Confocal images. Notes: Cultured nonphagocytic cells, including NIH3T3, AD293, HeLa, and Caco-2 cells, incubated with GMP-BSA (red/green). The nuclei of the cells were stained with 4′,6-diamidino-2-phenylindole (DAPI; blue). The GMP-BSA were labeled with fluorescein isothiocyanate (FITC) on BSA (green) and rhodamine B (RhoB) on the glucan shells (red). Abbreviations: GMP-BSA, BSA-loaded glucan particles; BSA, bovine serum albumin; GMP, glucan particles.

Figure 8

Cytotoxicity of the GMP-BSA to Raw 264.7 cells. Abbreviations: GMP-BSA, BSA-loaded glucan particles; BSA, bovine serum albumin.

Figure 9

Confocal microscopy images of macrophages.
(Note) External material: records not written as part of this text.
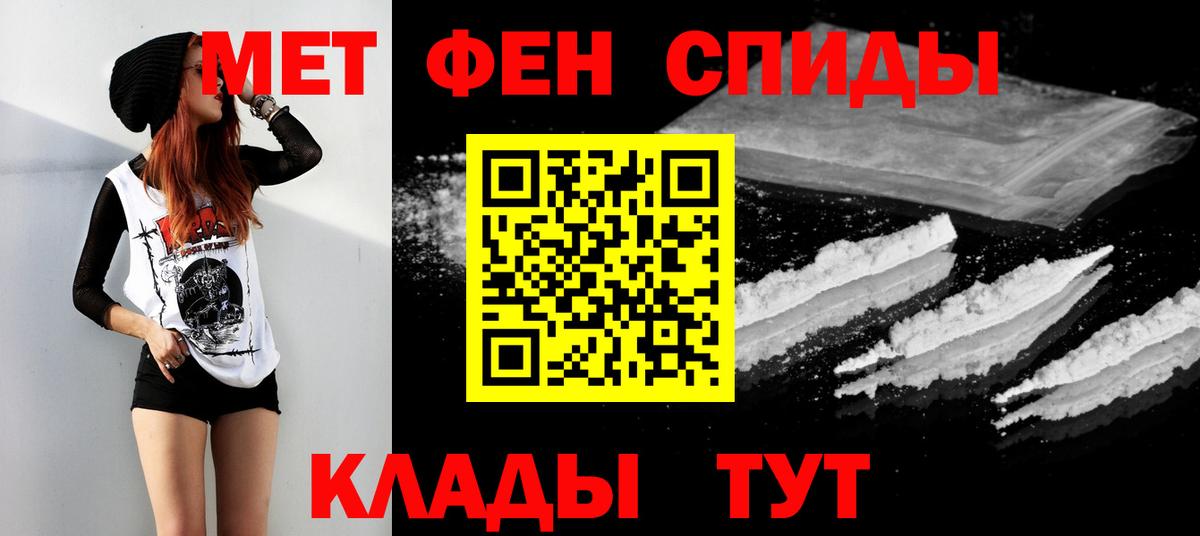 Первитин пудра Кимовск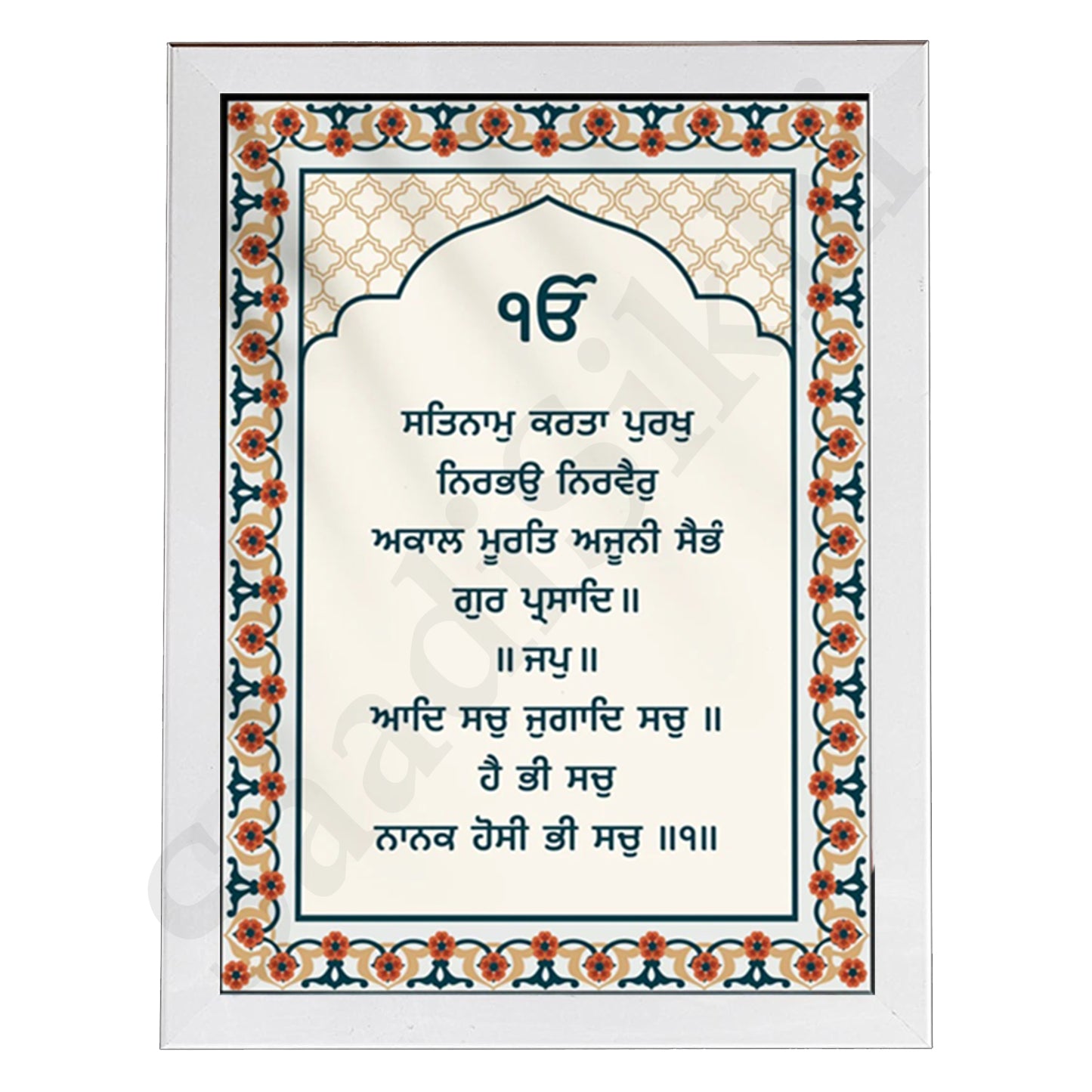 SaadiSikhi I "Mool Mantar" - Wall Decor Prints For Home , Housewarming Gifts, Sikh Quotes I Sikh Gift Ideas I Premium Office Desk / Study Desk / Side Tables and Wall Gurbani Art Wall Frames I with Self Adhesive Hook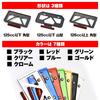 Daytona Motorcycle License Plate Holder, 2021 New Standard Compliant, for 126cc and Above, Lightweight, with Reflector, Black, 99670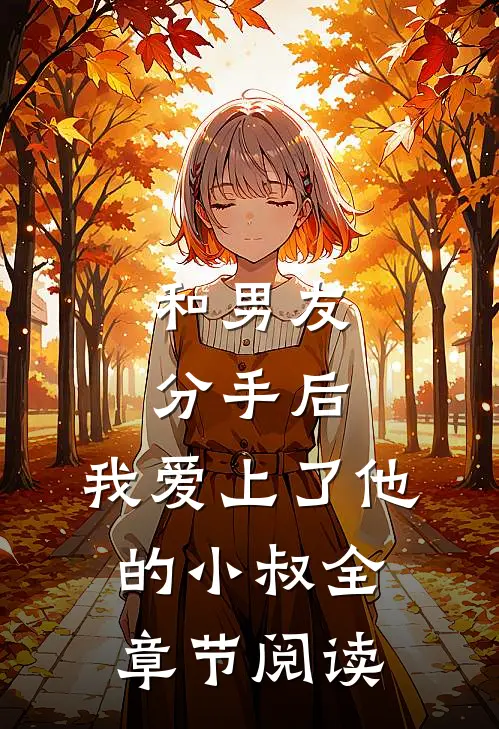 和男友分手后，我爱上了他的小叔全章节阅读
Notes: Macrophages isolated from the mice intraperitoneally (IP) or intravenously (IV) injected with GMP-BSA, and the neutrophils isolated from the mice IV injected with GMP-BSA. The macrophages in the peritoneal exudate cells (PECs) and organs and the neutrophils in the blood from the IV injected mice were isolated for microscopic observation. (A) Macrophages from the IP injected mice. (B) Macrophages from the IV injected mice. (C) Neutrophils (NEUT) from the IV injected mice. The GMP-BSA were labeled with rhodamine B (RhoB; red) (red) on the glucan shells. The nuclei of the cells were stained with 4′,6-diamidino-2-phenylindole (DAPI; blue), and the membrane of the macrophages was stained with IF488-F4/80 surface antibody (green). Abbreviations: GMP-BSA, BSA-loaded glucan particles; BSA, bovine serum albumin; GMP, glucan particles.